Grasping the complexities of geometry took me several months and a couple of deep dives into the history and uses of geometry in life to master. My brother, who is a far more spatially-aware human than I am, breezed through the same content in a matter of weeks. Give me a philosophical or historical text to analyze and critique and the situation would be reversed.

Consequently, we need to stop isolating and standardizing inputs in the form of hours of teaching, and start putting our energy into identifying and organizing the outcomes we hope young people can achieve as a result of  their education.

Rather than worrying about how, when, and how fast an individual develops or acquires the competencies we lay out, we could focus on how they demonstrate the acquisition and mastery of the skills and dispositions we care about.
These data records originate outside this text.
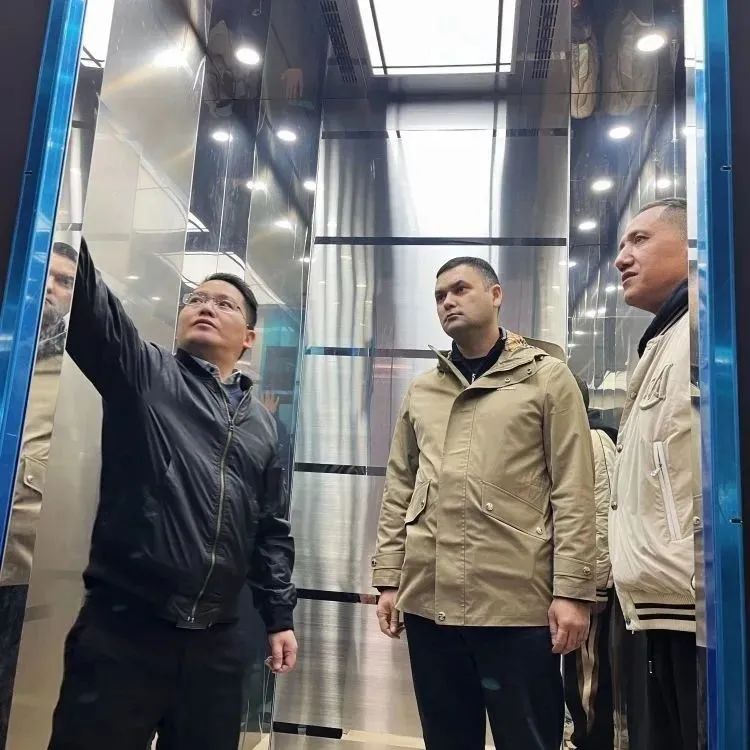 法立奥国外客户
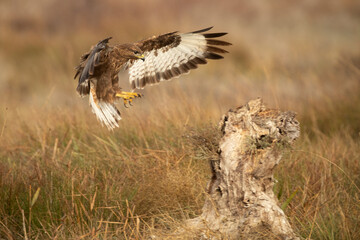 Common buzzard in flight at first light in the morning on a cold winter day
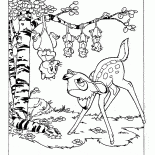 負鼠和小鹿斑比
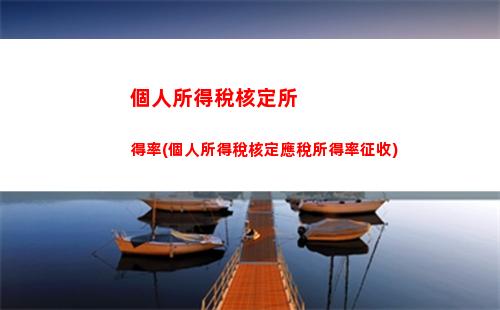 個人所得稅感慨(怎樣退稅個人所得稅)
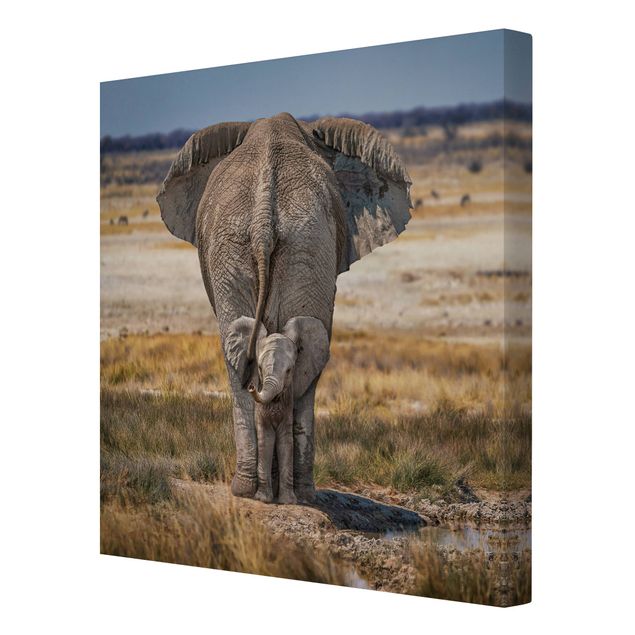 Obrazy afryka Bezczelny słoń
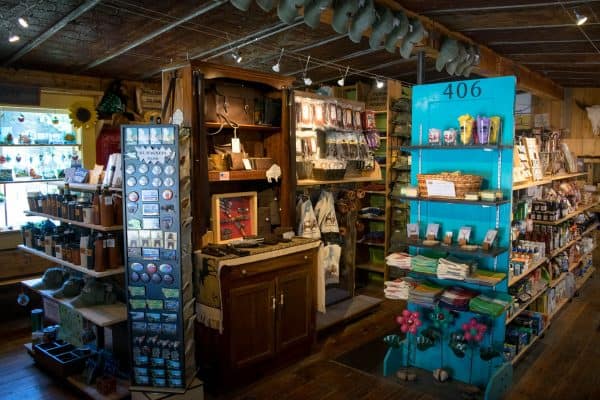 DSC 0184 e1532221184455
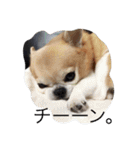 チワワボン子②（個別スタンプ：6）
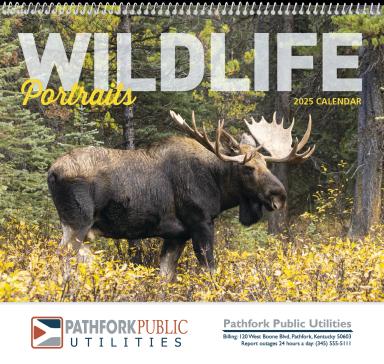 Wildlife Portraits Calendar, Spiral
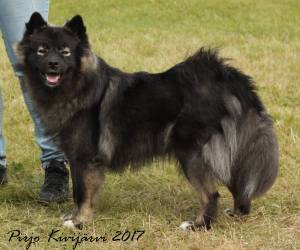 20232186_10211989006653484_864184079019128418_o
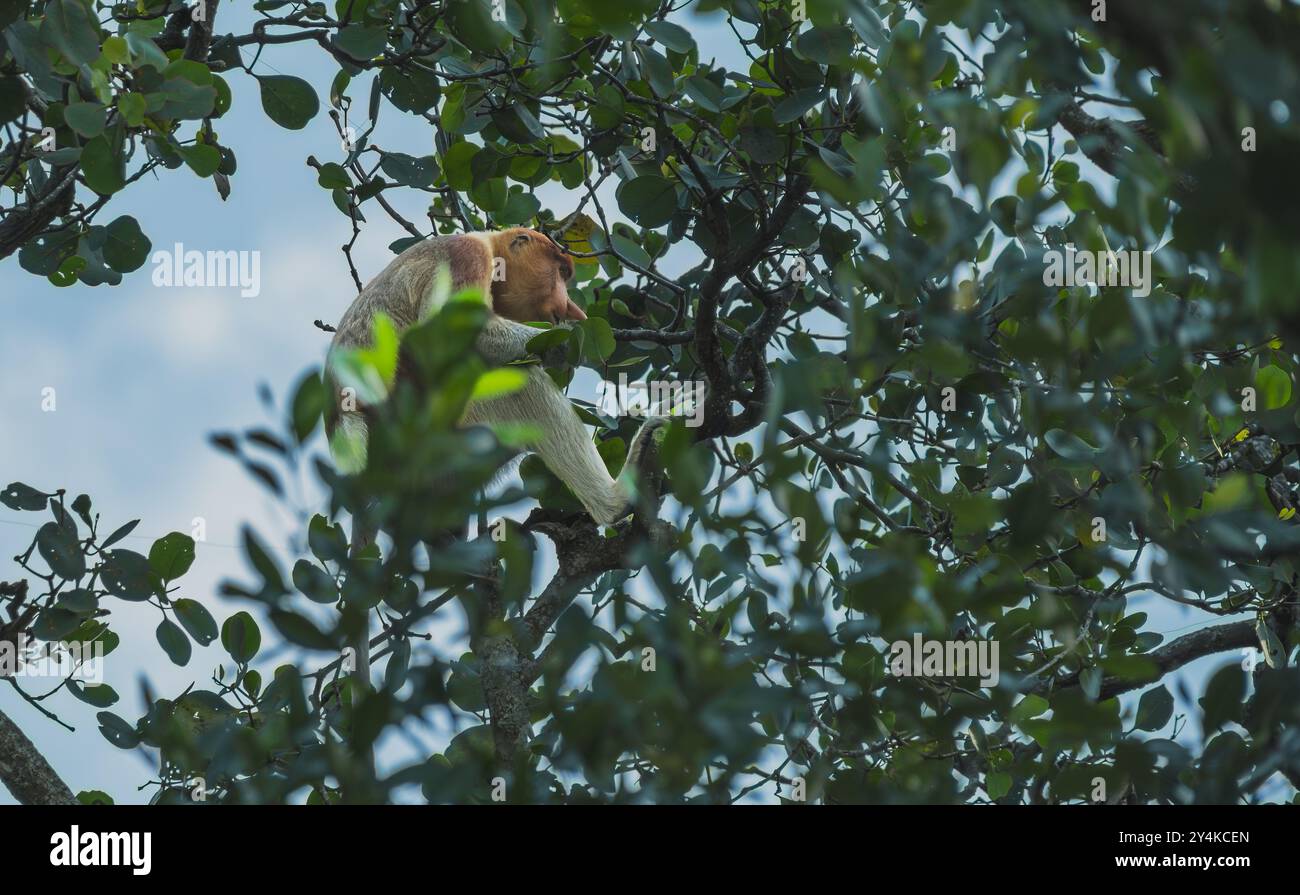 Einsamer Proboscis-Affe sitzt auf einem Mangrovenzweig und genießt ein gemütliches Mittagessen mit frischen Blättern. Stockfoto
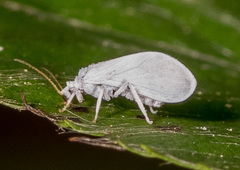 Semidalis
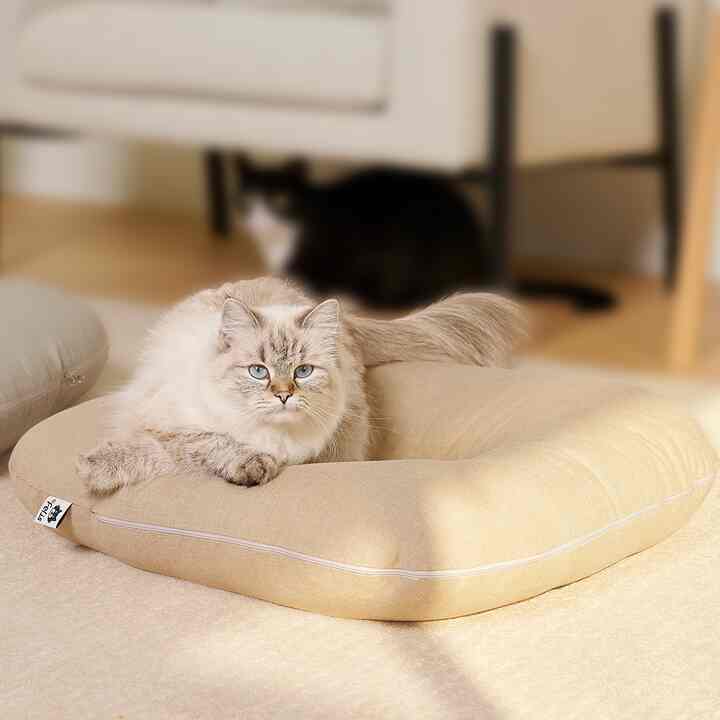 猫用お昼寝ふかふか座布団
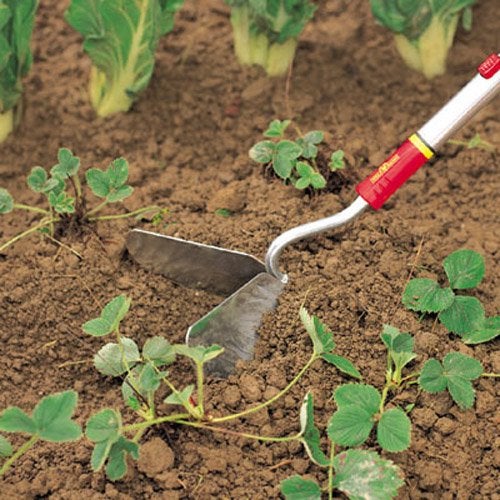 Fieldstar Wolfgarten Steel Multi Star Culti-Weeder Without Handle (Ridge) - Image 3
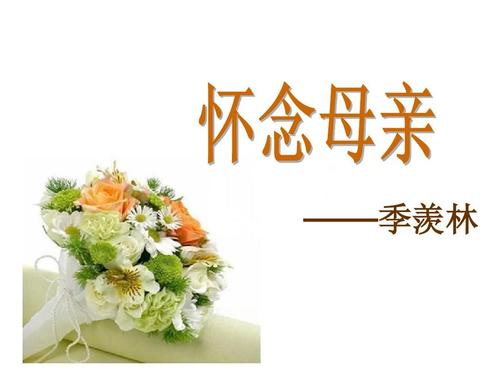 妈妈小姐句子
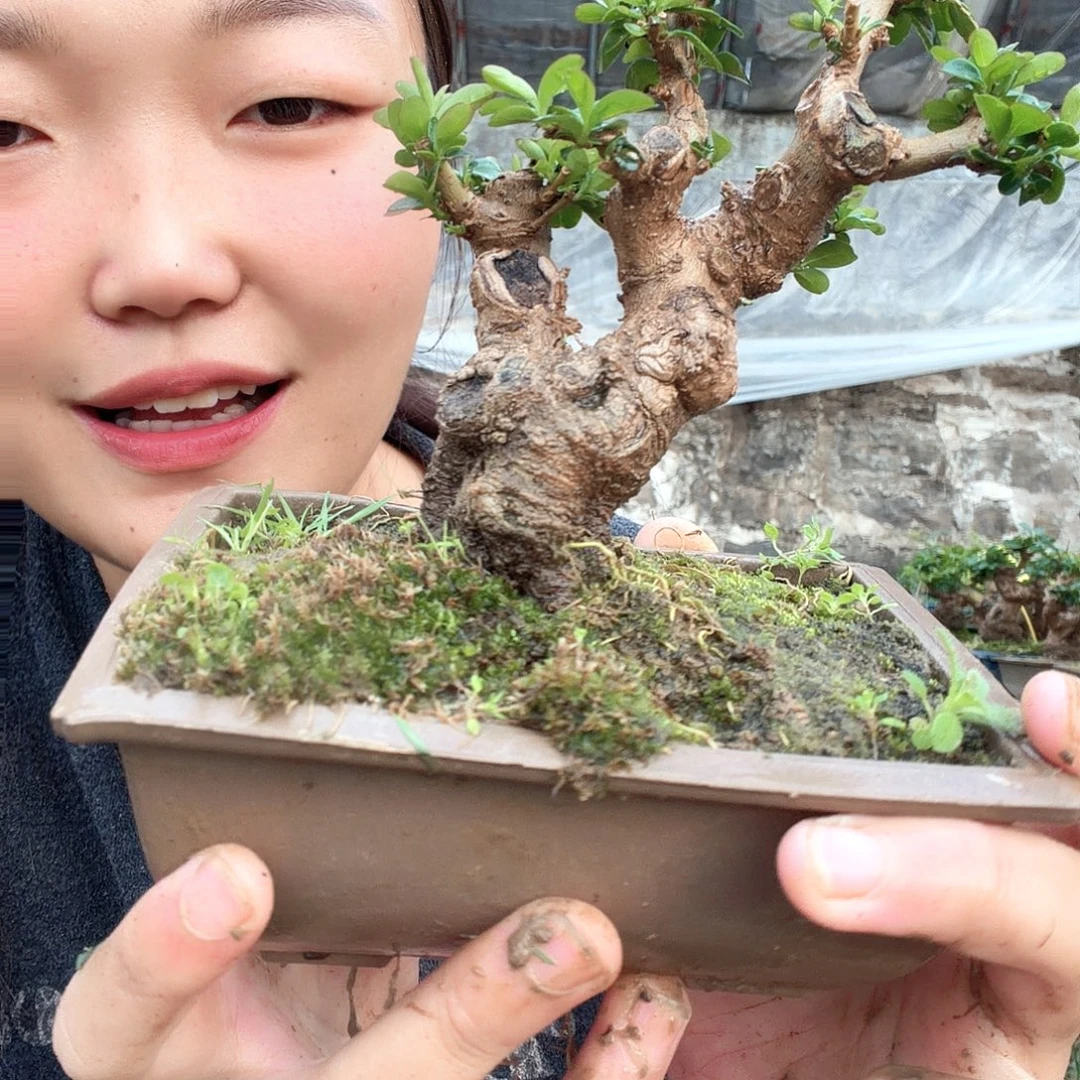 S***y无花朵卖都卖电脑的目的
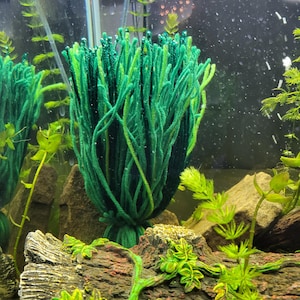 Weighted Fish spawning mop, weighted spawning mat, live bearers, fish breeding, aquarium, fish tank, breeding supplies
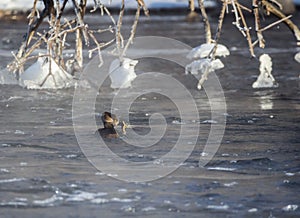 Hooded Merganser with Crayfish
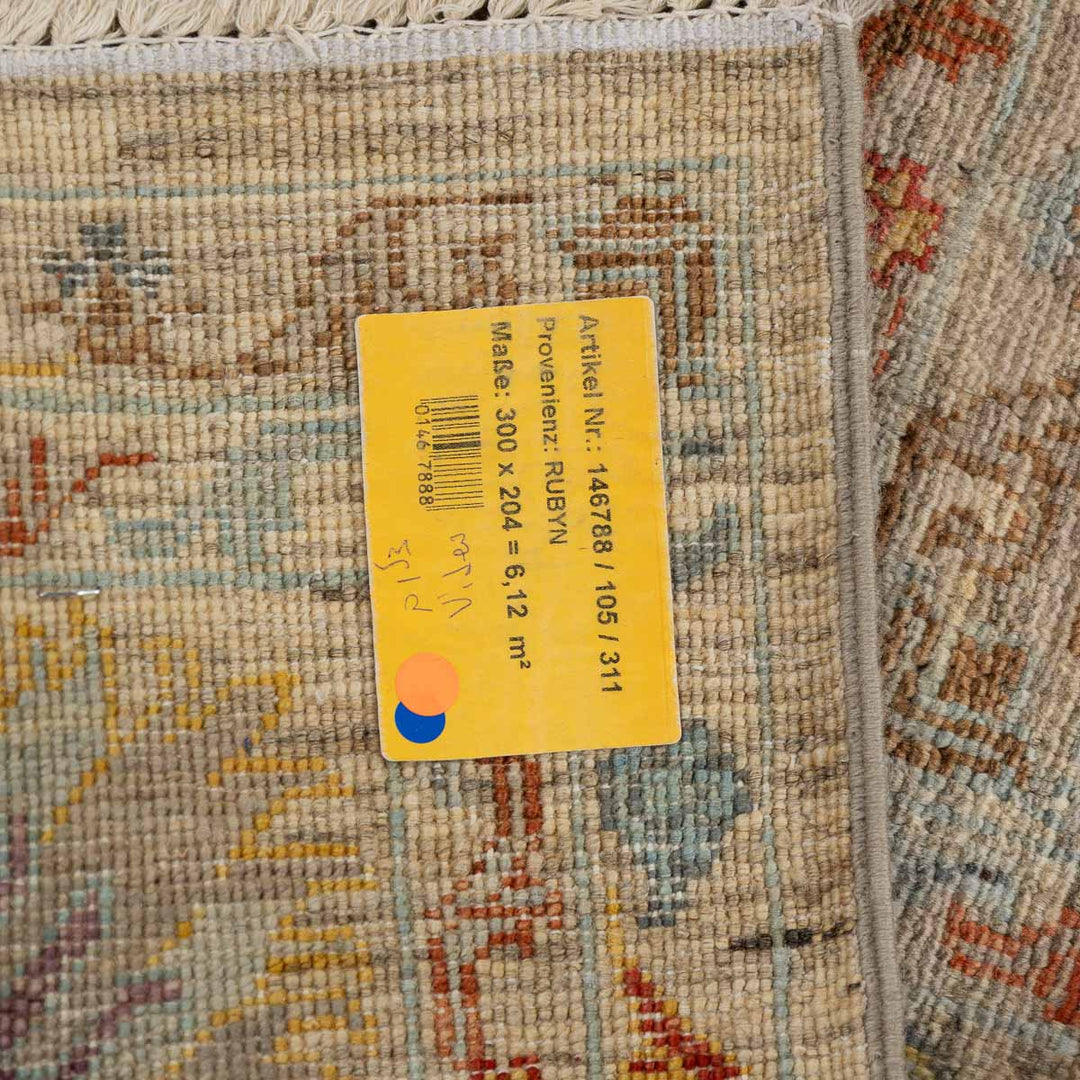 שטיח אריאנה 00 צבעוני 300*204 | Ariana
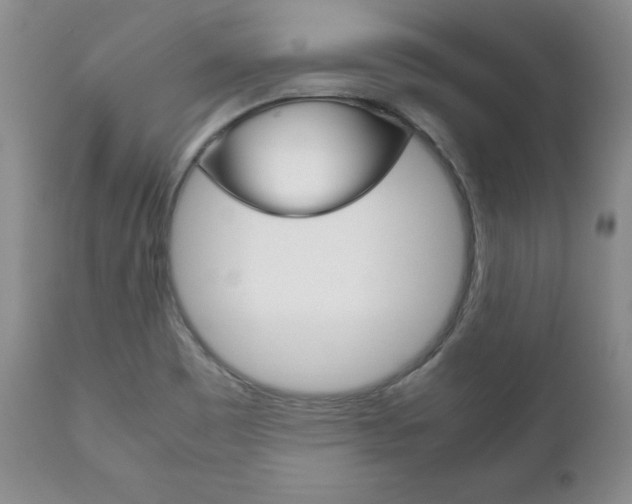 X0000111121465200906301030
In this type of mastery-based system, memorizing specific content knowledge would not be the primary aim of education. Subject matter knowledge would be a vehicle through which young people could explore the world, learn, and develop the ability to engage with new ideas.

Moving in this direction would require us to let go of many deeply entrenched assumptions that we have inherited through our own educational pathways. But, being able to align our education system with the world that is rather than the world that used to be will be a far greater service to young people.

We aren’t alone on this journey to find something better

After what felt like endless conversations and with the support of educators who understood what was really important about my education, I did end up in Germany as an exchange student. It wasn’t easy to cobble together a solution that would allow me to have an experience that changed my life and allowed me to learn so much. And, I wonder how many other learners my age weren’t so lucky in convincing the adults around them to do the same. As I listen to conversations about education today, I hear echoes of the themes we grappled with 26 years ago, and a growing consensus that being constrained by this thing called the Carnegie Unit and everything it represents no longer serves young people or society well.

Luckily we aren’t alone in our journey to find something better. There are a lot of places—in the United States and around the world—we can explore to find inspiration for how to invent new systems and structures that will open up the world for young people. As long as we follow their lead and choose to transform the why, what, and how of learning, we will better prepare children in every community to live in and contribute to a dynamic and interconnected world.